* _EXERCISE DETAILS_: Start to finish, print the data below exactly, without the images.

* _PROVIDED INFORMATION_:
☆ ☆ ☆ ☆ ☆

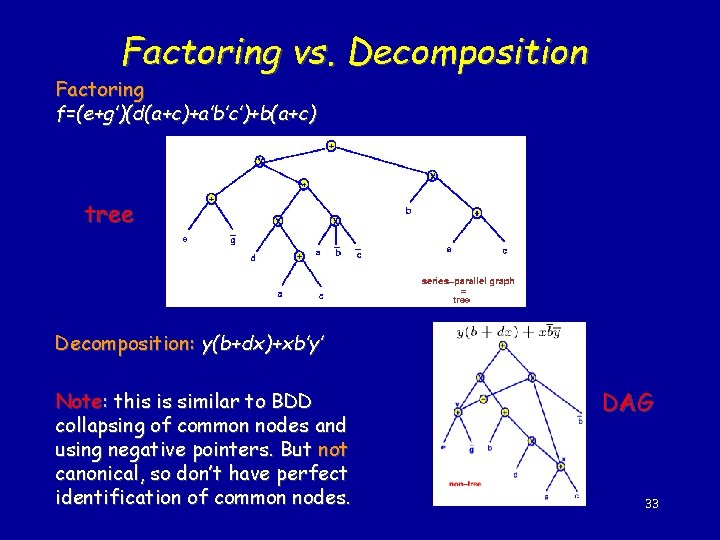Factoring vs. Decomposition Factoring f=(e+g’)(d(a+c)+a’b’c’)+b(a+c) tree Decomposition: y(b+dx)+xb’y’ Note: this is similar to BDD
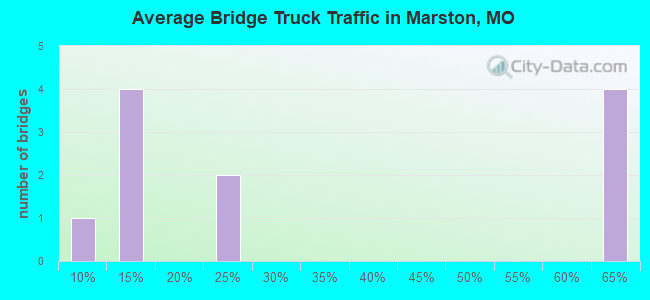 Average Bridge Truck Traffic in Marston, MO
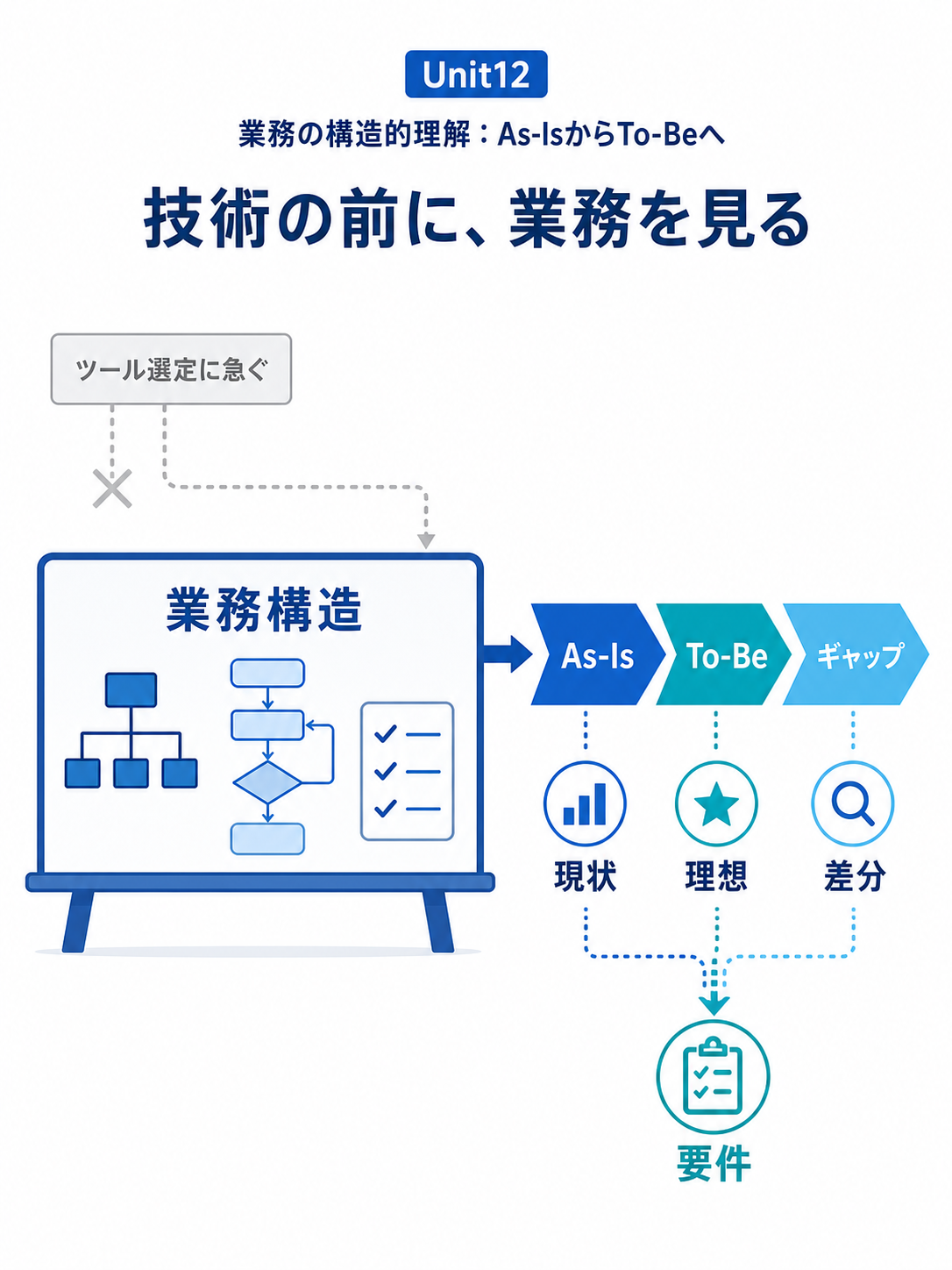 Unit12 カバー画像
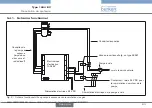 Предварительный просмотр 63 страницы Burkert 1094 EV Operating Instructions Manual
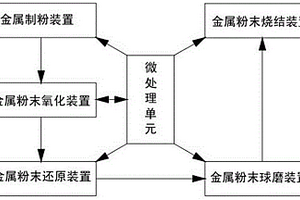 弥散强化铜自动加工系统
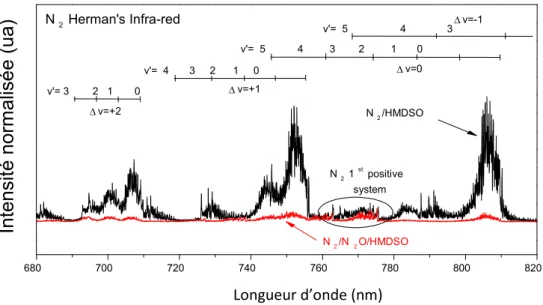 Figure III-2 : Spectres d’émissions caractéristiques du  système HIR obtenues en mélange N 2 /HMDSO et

☆ ☆ ☆ ☆ ☆

* _ANSWER TO THIS EXERCISE_:
Factoring vs. Decomposition Factoring f=(e+g’)(d(a+c)+a’b’c’)+b(a+c) tree Decomposition: y(b+dx)+xb’y’ Note: this is similar to BDD
 Average Bridge Truck Traffic in Marston, MO
 Unit12 カバー画像
 Предварительный просмотр 63 страницы Burkert 1094 EV Operating Instructions Manual
 弥散强化铜自动加工系统
 Figure III-2 : Spectres d’émissions caractéristiques du  système HIR obtenues en mélange N 2 /HMDSO et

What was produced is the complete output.